Whereas Cornell’s tone is warm and engaging, Miller’s borders on hysteria. He continually uses the phrase “as if” to jump from actual observations to his own commentary. When Border Patrol agents do a spot check for documentation on a bus, Miller writes, a passenger “looks at them as if this idea of a domestic security checkpoint was something that she had only seen in some movie about World War II but had suddenly become real.” In spite of the tone of Miller’s writing, it is worthwhile to encounter his thesis and consider how we might respond. The alarming facts he presents and the evolving American attitude toward immigrants and surveillance are real.

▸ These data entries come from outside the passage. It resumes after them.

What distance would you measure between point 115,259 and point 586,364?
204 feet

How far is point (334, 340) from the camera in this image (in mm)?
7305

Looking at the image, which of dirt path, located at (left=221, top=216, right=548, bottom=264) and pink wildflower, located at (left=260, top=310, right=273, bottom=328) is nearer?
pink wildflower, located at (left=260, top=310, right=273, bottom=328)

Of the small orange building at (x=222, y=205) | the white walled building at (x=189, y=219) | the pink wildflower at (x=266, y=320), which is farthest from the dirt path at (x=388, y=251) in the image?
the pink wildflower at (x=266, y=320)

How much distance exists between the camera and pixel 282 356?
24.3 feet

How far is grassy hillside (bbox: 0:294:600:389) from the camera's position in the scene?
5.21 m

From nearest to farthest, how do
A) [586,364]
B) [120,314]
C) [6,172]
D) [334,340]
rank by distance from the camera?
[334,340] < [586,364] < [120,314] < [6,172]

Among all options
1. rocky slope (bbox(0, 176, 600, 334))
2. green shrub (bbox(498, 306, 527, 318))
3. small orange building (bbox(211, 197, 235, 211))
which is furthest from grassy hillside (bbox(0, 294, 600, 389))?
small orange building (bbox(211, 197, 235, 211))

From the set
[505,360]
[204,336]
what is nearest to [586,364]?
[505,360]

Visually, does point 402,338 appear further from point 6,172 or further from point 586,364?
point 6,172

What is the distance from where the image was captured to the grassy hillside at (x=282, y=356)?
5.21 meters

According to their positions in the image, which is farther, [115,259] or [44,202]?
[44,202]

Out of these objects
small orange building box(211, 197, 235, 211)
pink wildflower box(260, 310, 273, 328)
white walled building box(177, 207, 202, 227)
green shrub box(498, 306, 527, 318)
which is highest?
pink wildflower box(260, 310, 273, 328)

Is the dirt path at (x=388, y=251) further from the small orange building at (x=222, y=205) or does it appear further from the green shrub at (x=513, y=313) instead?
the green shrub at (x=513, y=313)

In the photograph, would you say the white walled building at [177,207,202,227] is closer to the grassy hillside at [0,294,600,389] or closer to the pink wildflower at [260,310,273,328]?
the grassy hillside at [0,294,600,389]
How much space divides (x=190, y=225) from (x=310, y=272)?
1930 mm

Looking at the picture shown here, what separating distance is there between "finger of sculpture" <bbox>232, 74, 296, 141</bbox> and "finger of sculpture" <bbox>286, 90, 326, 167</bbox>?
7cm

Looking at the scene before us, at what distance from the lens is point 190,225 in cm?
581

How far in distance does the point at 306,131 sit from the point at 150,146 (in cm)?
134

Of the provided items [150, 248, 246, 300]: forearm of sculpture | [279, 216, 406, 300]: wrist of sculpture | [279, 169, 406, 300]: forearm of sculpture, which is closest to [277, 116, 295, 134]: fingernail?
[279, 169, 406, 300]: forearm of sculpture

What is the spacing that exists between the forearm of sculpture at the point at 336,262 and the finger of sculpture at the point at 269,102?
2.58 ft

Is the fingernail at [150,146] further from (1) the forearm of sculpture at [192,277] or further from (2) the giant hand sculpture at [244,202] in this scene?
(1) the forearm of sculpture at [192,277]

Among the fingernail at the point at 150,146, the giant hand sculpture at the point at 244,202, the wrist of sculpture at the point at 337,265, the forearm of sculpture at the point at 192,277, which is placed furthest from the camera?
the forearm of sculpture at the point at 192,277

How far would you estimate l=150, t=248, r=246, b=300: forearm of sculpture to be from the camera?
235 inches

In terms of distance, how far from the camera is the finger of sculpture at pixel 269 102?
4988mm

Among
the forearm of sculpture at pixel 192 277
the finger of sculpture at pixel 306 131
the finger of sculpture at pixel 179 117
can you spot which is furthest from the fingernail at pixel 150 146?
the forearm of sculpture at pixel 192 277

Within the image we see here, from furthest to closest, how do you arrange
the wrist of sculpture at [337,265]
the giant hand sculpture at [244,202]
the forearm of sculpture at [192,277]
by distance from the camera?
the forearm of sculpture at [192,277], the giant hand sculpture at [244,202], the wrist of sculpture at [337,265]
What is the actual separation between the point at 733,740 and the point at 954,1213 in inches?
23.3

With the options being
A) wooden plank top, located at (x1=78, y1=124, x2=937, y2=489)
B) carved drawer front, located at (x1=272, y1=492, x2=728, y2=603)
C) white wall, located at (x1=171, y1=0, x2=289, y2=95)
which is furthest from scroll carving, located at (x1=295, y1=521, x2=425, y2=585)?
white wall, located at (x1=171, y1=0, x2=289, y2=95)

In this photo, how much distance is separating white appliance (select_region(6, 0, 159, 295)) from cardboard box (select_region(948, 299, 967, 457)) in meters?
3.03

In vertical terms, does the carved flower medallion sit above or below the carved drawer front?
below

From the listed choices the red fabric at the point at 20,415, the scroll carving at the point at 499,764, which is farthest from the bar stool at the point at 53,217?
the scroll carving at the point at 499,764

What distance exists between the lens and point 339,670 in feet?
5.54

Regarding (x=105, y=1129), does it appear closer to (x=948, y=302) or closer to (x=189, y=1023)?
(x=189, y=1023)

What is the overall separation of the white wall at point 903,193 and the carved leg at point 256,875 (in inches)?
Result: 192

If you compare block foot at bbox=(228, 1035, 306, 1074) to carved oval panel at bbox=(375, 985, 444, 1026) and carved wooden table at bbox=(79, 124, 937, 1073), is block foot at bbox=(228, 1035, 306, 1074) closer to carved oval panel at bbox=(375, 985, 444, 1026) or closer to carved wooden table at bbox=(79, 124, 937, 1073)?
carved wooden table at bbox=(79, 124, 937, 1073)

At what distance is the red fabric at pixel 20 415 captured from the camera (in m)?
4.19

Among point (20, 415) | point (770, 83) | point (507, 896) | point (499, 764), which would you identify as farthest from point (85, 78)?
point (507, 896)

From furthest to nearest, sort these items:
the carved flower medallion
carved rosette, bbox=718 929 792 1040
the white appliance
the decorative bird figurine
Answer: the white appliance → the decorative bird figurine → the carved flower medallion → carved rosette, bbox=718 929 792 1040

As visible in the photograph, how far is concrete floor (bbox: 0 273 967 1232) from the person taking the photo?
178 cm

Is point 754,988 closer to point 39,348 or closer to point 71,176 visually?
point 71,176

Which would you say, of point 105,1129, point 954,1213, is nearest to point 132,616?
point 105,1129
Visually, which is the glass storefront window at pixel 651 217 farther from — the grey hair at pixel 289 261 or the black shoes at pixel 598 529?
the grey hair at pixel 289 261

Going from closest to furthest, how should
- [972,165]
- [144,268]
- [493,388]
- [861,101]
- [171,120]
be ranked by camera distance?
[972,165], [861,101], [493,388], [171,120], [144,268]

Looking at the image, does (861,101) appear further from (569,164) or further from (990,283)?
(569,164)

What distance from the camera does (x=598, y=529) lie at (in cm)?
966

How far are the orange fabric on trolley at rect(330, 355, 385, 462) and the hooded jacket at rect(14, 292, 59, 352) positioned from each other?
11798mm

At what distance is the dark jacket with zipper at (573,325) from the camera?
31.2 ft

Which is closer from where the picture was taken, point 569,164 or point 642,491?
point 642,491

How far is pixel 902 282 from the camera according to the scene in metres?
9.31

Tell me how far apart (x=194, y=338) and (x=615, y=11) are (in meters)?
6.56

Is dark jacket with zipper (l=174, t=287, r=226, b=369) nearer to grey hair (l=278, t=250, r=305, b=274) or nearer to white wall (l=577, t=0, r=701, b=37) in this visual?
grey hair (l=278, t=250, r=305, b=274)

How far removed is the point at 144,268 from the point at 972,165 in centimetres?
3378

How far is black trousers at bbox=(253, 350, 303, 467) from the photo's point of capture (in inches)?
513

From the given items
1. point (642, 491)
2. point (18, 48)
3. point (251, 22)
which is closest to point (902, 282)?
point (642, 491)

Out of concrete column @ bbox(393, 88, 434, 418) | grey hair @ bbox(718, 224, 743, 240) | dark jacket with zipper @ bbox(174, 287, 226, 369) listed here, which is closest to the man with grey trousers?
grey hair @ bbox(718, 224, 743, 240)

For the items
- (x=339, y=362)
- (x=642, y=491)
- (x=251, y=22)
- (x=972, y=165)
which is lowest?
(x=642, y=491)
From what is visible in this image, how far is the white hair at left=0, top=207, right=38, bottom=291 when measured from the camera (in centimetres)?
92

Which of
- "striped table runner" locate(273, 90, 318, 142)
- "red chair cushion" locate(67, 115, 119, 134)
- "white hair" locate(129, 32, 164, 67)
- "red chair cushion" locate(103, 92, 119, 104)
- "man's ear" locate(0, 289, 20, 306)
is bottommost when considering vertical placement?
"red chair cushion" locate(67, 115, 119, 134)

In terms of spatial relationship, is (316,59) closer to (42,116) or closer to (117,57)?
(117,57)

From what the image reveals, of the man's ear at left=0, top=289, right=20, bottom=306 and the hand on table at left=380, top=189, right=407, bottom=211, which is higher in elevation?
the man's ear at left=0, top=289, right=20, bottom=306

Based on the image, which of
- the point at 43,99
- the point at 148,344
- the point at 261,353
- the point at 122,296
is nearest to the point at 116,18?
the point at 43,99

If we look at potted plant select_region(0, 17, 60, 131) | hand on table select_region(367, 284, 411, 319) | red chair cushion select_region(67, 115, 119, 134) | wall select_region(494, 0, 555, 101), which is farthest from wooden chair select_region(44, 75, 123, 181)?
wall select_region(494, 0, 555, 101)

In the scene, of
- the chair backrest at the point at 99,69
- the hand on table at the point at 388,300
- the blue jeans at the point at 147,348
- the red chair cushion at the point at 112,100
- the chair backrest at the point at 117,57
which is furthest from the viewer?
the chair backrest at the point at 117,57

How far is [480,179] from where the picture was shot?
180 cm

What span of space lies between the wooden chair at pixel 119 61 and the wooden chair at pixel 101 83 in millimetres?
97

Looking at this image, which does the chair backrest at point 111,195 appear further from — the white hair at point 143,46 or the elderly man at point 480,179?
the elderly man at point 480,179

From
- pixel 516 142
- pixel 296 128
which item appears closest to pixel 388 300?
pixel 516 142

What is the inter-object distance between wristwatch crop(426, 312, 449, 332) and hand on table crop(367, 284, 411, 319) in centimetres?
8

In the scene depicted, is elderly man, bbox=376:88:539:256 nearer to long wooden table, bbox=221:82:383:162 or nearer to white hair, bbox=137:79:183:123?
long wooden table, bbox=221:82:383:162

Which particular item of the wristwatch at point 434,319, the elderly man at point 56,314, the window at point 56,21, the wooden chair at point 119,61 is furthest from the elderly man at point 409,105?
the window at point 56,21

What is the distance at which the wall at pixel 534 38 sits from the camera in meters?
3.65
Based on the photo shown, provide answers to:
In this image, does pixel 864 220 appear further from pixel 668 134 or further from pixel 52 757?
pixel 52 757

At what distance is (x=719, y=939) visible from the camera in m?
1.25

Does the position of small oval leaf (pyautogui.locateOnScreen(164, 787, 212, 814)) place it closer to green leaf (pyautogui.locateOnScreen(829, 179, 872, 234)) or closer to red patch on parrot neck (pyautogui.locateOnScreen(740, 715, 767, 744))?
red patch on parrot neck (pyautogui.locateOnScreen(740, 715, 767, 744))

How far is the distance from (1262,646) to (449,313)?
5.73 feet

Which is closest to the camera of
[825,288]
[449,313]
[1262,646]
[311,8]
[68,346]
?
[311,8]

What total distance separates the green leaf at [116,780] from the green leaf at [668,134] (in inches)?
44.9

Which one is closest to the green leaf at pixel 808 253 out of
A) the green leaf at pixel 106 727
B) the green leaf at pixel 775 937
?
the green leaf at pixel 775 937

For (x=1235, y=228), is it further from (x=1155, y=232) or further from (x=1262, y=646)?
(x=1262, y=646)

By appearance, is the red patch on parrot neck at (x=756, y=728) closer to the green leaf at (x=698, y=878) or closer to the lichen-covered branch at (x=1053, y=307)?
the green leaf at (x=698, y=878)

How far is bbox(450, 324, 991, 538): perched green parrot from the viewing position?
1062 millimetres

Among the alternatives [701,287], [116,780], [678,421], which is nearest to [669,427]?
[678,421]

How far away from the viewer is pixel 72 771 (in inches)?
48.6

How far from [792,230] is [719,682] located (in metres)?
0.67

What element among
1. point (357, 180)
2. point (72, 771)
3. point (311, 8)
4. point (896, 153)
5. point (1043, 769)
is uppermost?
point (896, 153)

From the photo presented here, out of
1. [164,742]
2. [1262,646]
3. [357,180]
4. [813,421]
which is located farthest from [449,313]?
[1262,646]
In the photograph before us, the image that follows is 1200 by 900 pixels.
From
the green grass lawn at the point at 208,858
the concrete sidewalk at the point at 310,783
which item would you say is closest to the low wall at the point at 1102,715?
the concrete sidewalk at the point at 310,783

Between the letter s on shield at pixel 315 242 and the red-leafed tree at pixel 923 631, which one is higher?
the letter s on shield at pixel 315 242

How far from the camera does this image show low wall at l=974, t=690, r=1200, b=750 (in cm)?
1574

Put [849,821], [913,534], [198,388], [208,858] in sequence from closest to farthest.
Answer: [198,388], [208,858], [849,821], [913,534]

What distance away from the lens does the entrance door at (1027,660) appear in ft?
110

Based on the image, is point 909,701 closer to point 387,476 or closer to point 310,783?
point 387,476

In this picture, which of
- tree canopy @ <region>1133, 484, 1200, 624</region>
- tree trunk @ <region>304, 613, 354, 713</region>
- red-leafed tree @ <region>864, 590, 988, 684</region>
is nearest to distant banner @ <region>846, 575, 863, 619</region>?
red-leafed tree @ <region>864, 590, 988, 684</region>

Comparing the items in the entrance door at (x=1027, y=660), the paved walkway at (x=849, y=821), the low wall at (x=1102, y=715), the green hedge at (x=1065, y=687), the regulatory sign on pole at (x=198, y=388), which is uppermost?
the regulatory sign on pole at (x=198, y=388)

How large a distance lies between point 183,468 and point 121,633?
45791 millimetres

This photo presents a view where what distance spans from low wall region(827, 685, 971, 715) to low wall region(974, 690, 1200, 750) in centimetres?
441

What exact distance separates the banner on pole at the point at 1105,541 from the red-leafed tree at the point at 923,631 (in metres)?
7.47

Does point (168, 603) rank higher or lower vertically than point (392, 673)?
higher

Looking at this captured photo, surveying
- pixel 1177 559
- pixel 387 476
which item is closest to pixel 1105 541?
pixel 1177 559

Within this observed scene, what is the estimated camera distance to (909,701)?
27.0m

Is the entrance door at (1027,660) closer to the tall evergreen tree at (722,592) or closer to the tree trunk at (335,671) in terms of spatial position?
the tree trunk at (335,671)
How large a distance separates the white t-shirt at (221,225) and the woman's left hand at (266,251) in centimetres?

These two books complement each other well. Miller’s reporting gives context to the struggles of Cornell and her migrant friends. Border Patrol Nation also makes clear how commercialism and militarism play out in and distort the dynamics of human migration. But Miller flounders in his attempt to offer an alternative vision. He points to acts of civil disobedience to interrupt deportations, and he urges advocacy and hospitality, but he has no solid ground of hope to offer.
Where Border Patrol Nation falls short, Jesus Was a Migrant shines most brightly. The ground of hope, for migrants and for all humanity, is the redeeming grace of God enacted by Jesus Christ, who was himself a migrant. In interconnected stories of God’s pilgrim people and a faithful God, Cornell proclaims the good news that God seeks out, travels with, and guides wandering people and will at last bring about God’s kingdom where all are at home and at rest.